:: Dataset records ::

──────────

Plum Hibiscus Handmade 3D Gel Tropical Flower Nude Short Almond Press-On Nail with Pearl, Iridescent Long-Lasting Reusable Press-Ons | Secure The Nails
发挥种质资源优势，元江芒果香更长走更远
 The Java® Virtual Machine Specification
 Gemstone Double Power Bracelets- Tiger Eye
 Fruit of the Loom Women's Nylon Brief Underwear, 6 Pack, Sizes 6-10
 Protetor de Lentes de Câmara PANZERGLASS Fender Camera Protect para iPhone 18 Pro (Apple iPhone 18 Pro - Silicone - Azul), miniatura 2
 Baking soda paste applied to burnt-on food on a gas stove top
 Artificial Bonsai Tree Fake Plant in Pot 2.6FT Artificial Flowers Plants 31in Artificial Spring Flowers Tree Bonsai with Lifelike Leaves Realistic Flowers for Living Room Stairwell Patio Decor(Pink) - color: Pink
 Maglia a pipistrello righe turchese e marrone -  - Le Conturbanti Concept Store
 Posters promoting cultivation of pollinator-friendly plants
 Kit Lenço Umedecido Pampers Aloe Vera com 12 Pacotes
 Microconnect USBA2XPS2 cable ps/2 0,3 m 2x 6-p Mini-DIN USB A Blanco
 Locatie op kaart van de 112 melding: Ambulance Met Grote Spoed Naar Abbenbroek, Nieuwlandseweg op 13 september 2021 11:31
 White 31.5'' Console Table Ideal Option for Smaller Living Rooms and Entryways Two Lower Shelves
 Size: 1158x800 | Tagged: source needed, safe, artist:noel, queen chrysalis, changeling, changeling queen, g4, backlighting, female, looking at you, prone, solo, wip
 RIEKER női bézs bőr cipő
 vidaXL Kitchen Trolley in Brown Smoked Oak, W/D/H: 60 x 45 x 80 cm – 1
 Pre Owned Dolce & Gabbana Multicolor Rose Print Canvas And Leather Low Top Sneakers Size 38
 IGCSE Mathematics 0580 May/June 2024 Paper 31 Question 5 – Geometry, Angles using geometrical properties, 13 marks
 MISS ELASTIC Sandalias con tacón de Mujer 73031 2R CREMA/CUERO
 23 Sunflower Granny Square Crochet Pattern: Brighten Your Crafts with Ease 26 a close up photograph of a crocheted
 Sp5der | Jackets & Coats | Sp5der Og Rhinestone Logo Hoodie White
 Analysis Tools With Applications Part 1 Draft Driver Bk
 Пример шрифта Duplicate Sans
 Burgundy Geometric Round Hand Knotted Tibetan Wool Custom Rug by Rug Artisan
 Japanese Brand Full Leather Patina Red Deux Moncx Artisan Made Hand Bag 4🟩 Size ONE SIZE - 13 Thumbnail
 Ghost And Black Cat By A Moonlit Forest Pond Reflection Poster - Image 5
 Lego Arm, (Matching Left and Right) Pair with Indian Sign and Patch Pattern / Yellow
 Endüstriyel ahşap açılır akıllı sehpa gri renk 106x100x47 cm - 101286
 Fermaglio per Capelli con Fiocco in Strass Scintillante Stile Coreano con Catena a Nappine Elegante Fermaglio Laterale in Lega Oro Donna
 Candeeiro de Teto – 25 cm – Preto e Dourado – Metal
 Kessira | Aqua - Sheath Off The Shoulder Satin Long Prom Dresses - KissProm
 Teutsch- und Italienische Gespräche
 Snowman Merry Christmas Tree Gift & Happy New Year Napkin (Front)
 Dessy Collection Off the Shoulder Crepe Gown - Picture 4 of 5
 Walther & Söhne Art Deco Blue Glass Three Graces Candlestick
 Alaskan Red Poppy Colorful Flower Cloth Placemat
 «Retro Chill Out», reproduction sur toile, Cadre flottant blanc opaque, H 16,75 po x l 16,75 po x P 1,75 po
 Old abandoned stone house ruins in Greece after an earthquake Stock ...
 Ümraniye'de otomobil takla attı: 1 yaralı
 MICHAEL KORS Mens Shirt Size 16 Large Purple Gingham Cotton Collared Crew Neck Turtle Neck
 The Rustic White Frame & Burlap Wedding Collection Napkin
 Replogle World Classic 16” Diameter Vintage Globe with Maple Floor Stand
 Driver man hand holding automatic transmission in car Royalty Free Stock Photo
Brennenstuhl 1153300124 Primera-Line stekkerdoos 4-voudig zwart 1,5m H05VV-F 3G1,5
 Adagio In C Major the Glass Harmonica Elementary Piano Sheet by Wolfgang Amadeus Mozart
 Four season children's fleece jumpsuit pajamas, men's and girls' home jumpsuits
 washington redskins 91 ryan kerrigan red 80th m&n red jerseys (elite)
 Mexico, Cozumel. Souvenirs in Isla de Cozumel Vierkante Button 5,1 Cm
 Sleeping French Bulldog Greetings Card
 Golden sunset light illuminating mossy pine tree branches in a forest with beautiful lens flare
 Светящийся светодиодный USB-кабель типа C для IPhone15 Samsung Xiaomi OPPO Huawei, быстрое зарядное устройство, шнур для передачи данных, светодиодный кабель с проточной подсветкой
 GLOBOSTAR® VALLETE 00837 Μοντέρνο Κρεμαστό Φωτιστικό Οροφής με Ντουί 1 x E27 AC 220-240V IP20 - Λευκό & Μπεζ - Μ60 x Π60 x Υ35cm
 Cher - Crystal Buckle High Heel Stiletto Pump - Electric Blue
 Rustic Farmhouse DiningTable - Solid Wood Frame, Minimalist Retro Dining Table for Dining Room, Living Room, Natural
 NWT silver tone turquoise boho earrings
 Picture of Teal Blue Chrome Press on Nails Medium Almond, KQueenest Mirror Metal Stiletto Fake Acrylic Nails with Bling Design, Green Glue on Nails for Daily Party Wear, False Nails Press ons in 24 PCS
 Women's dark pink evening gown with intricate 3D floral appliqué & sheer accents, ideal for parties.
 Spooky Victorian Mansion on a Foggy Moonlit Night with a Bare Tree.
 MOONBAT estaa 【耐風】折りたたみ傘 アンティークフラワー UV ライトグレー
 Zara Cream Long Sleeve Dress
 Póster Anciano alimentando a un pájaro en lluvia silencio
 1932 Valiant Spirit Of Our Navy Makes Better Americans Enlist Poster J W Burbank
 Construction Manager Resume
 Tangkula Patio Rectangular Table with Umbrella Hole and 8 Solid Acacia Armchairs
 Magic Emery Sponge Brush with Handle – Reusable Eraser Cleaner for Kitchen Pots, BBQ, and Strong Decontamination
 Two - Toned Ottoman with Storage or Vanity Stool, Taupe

──────────

:: WORK INSTRUCTIONS ::
There is a line with "Светящийся светодиодный USB-кабель" and a line with "Spooky Victorian Mansion" above. Copy exactly those two lines and all lines between them, with nothing else.

:: RESULT ::
 Светящийся светодиодный USB-кабель типа C для IPhone15 Samsung Xiaomi OPPO Huawei, быстрое зарядное устройство, шнур для передачи данных, светодиодный кабель с проточной подсветкой
 GLOBOSTAR® VALLETE 00837 Μοντέρνο Κρεμαστό Φωτιστικό Οροφής με Ντουί 1 x E27 AC 220-240V IP20 - Λευκό & Μπεζ - Μ60 x Π60 x Υ35cm
 Cher - Crystal Buckle High Heel Stiletto Pump - Electric Blue
 Rustic Farmhouse DiningTable - Solid Wood Frame, Minimalist Retro Dining Table for Dining Room, Living Room, Natural
 NWT silver tone turquoise boho earrings
 Picture of Teal Blue Chrome Press on Nails Medium Almond, KQueenest Mirror Metal Stiletto Fake Acrylic Nails with Bling Design, Green Glue on Nails for Daily Party Wear, False Nails Press ons in 24 PCS
 Women's dark pink evening gown with intricate 3D floral appliqué & sheer accents, ideal for parties.
 Spooky Victorian Mansion on a Foggy Moonlit Night with a Bare Tree.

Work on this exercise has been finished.